Clemency serves a vital role in our capital punishment system by acting as a “fail-safe” to prevent unjust executions. Prior to the execution of a death-sentenced prisoner, it allows a governor or board of pardons and paroles to conduct a full review of the case and grant a reprieve, pardon, or commutation, free from some of the procedural limitations that may favor expediency over justice.
Despite its longstanding roots and significance in the American death penalty process, clemency historically has received relatively little focus compared to other stages of a capital case. As a result, the training and resources available to actors in the clemency process lag far behind those provided for the investigation, trial or appeals.
This lack of resources necessarily affects the quality of representation that individuals facing execution receive, as clemency advocacy is often distinct from litigation strategy. The lack of resources and focus on clemency also detracts from decision makers’ ability to give informed and reasoned consideration to the complex legal and factual issues raised in clemency petitions. Decision makers often have little or no formal guidance about the complicated and diverse factors they can and should consider when evaluating a petition for clemency in a death penalty case. Furthermore, the attorneys who present those petitions do not have access to focused training materials that address the unique aspects of the clemency process.
Thus, there is a critical and unmet need for education and training of both lawyers representing capital prisoners and decision makers who review petitions for clemency to ensure that this key phase of a capital case is meaningful and fair.

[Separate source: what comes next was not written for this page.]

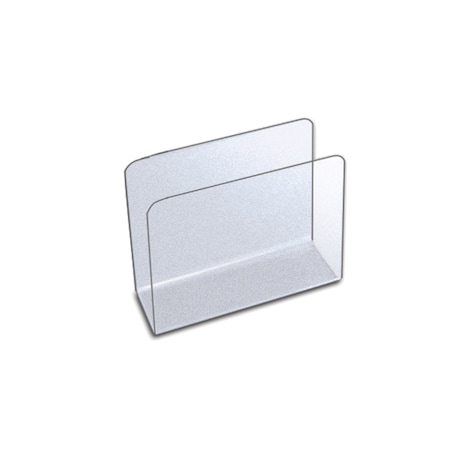Azar Displays Clear Acrylic Desk File Holder- Medium, PK4 255082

To respond to this need, the ABA Death Penalty Due Process Review Project, the ABA Death Penalty Representation Project, and the ABA Commission on Disability Rights came together to form this innovative joint Initiative. You can find more information about our collaborative effort and tools we've created at: www.capitalclemency.org
Actions and Resources
The CCRI is the first project exclusively dedicated to providing actors in the clemency process— attorneys and governmental decision makers alike—the resources and training necessary to ensure a meaningful process and reasoned decision in a capital-clemency case.
The Initiative works to achieve its goals in the following ways:
- We undertook a state-by-state assessment of capital clemency procedures so that we could create resources and training specifically targeted to equipping practitioners with the practical information and guidance they need to effectively represent clients in clemency proceedings in their jurisdictions.

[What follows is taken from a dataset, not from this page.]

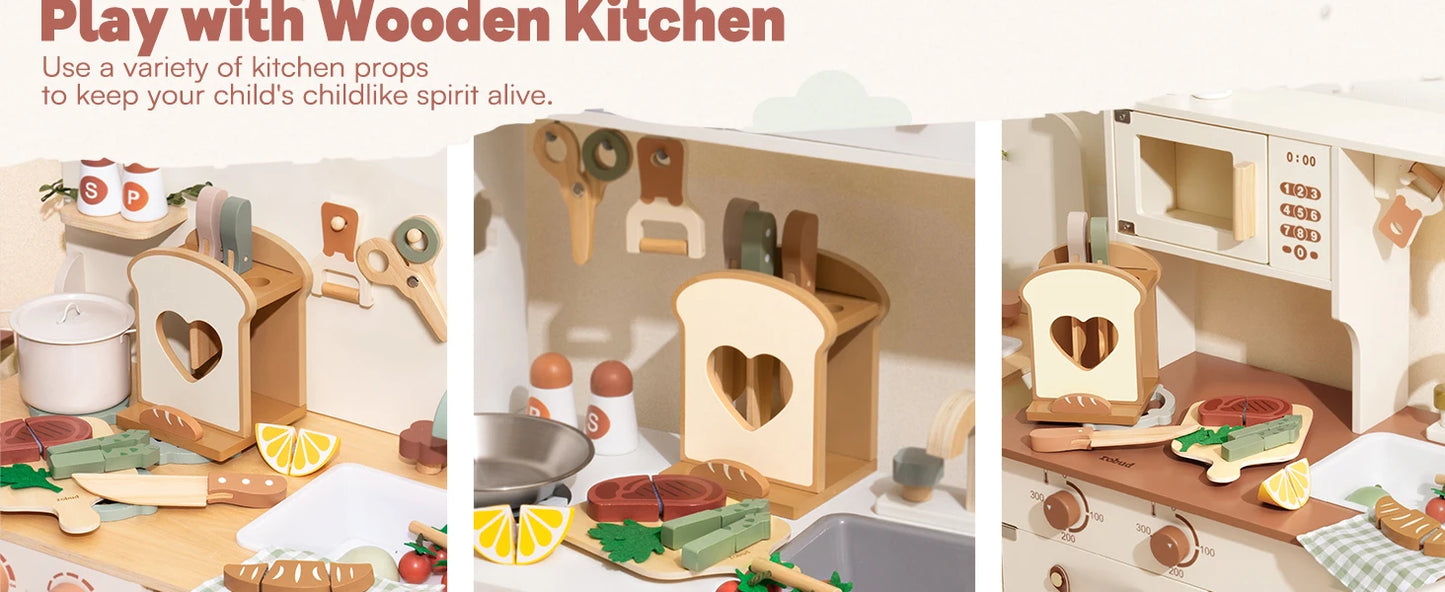 Kids Kitchen Knife Play Set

- We have gathered and curated existing resources from across the country that are most relevant to capital clemency, including reports and research on clemency, real clemency petitions, prior lawyer training materials, scholarly articles, news stories, case decisions among others. All of the best resources are now available at www.capitalclemency.org. Additionally, these resources help us determine where additional research and resources were needed.
- We created new specialized resources on clemency in death penalty cases, including:
- Jurisdiction-specific memoranda/webpages that provide details about clemency in individual death penalty states, including the procedures for requesting clemency, the relevant decision-maker(s), prior significant grants or denials, demographics of the state, and other important factors that might affect clemency review; and,
- Specialized training materials for lawyers who are currently representing or interested in representing death row clients, including the CCRI’s exclusive publication, “Representing Death-Sentenced Prisoners in Clemency: A Guide for Practitioners.” (This publication is only available to lawyers who are registered at www.capitalclemency.org).
- We will work with decision makers in the capital clemency process to better understand what information and guidance are needed to ensure that these government officials are fully informed of relevant developments in death penalty law and practice. Providing decision makers with such tailored information is vital, as death penalty cases typically are only a small fraction of the cases they are asked to review. As a result, we hope to increase our society’s confidence that decisions made at this critical, final stage of the death penalty process are sound.